Let us now sing the praises of famous men, our ancestors in their generations. The Lord apportioned to them great glory, his majesty from the beginning. There were those who ruled in their kingdoms, and made a name for themselves by their valor; those who gave counsel because they were intelligent; those who spoke in prophetic oracles; those who led the people by their counsels and by their knowledge of the people’s lore; they were wise in their words of instruction: those who composed musical tunes, or put verses in writing; rich men endowed with resources, living peacefully in their homes–all these were honored in their generations, and were the pride of their times. Some of them have left behind a name, so that others declare their praise. But of others there is no memory; they have perished as though they had never existed; they have become as though they had never been born, they and their children after them. But these also were godly men, whose righteous deeds have not been forgotten; Their offspring will continue forever, and their glory will never be blotted out. Their bodies are buried in peace, but their name lives on generation after generation.

As my family continues to cope with the sudden loss of my aunt and uncle, this passage speaks to me in ways it has not in years past.  My aunt and uncle became famous, at least in death, for their requisite 15 minutes, as two of five killed in a particularly terrible accident in a place where five people don’t die at once with much regularity.  Their lives became something of a point of interest for a few days, but by now, David A. Russell and Michelle G. Russell, both now buried in peace, can probably be counted as those who have perished as though they had never existed.  Except no one really perishes that way, or at least only a few very unfortunate souls do.  The vast majority of human beings, when they perish, are remembered by at least one other person.  Our lives are constantly intersecting with others.  We were created by the Triune God of Relationship to be in relationship.  We are all blessed to know and be known by others.

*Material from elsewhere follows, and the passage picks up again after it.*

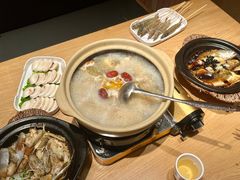 -邹开喜·炭炉鸡煲·海鲜火锅(虹口足球场店)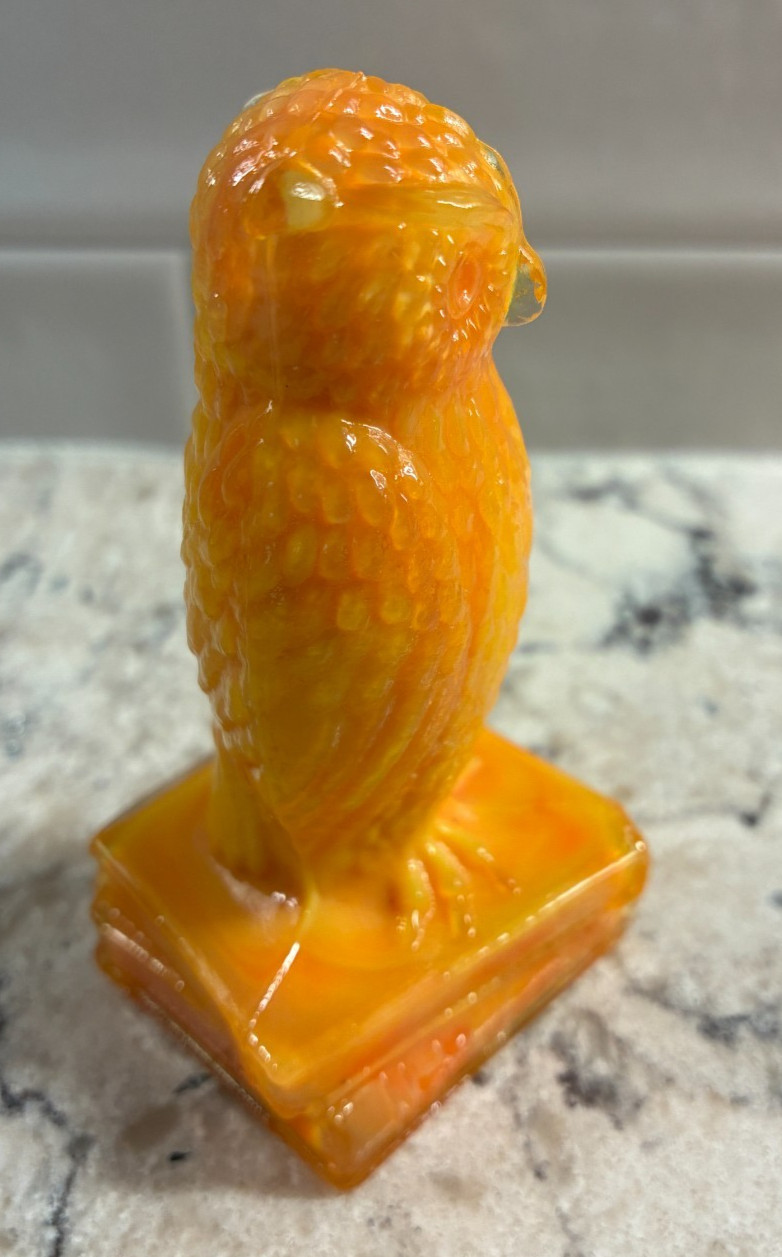 Vintage Degenhart Glass Orange Tangerine Wise Owl on Books Figurine Paperweight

Which is, I think, what makes All Saints’ Day so important a feast day.  We remember all those who lives are closely linked with ours, and, if we’re lucky, we take the time to reflect upon those whose lives maybe weren’t so closely linked.  May their souls and the souls of all the departed, by the mercy of God, rest in peace.

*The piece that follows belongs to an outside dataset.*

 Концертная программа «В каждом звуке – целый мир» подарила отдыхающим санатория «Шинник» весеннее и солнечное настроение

5 thoughts on “Rest in Peace

  1. I admire the Jewish faith and their commitment to remember by naming their children after ancestors. That’s such a beautiful way to make certain that one is not forgotten.

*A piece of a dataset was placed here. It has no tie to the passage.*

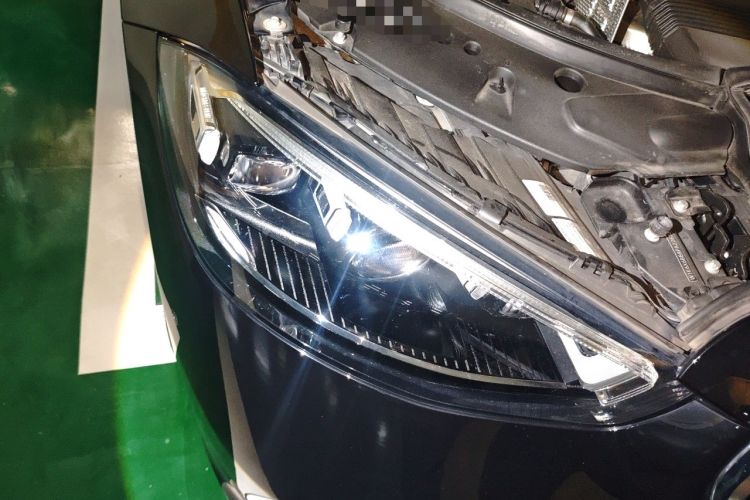 Used Mercedes-Benz Maybach S-Class 2023 S 480 4MATIC Right Front Headlight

  2. Pingback: Who will dance with me?

  3. Thanks so much. This is one of my favorite passages! There’s also Nehemiah’s “Remember me, O Lord, for good”.
    I do believe in the Communion of Saints, at all times and all places. Also, like a quote from the Reverend Peter Marshall, who I think was a U.S. Senate chaplain: “Those we love, are with God and God is with us, so they can never be very far from us.” I’m not certain that every word in this quote is correct but it is correct as much as I can recall.
    All Saints is my birthday and I happily remember playing for an All Saints Sunday service at St. Paul’s. I think God will always remember each one of us. My hope is in God to be once more with those I love.